> [WHAT NEEDS TO BE DONE]:
Nothing in the data may be omitted; output it all verbatim.

> [SOURCE DATA]:
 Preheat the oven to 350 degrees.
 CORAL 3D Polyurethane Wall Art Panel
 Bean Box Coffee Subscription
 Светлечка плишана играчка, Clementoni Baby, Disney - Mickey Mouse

> [ANSWER TO THE EXERCISE]:
 Preheat the oven to 350 degrees.
 CORAL 3D Polyurethane Wall Art Panel
 Bean Box Coffee Subscription
 Светлечка плишана играчка, Clementoni Baby, Disney - Mickey Mouse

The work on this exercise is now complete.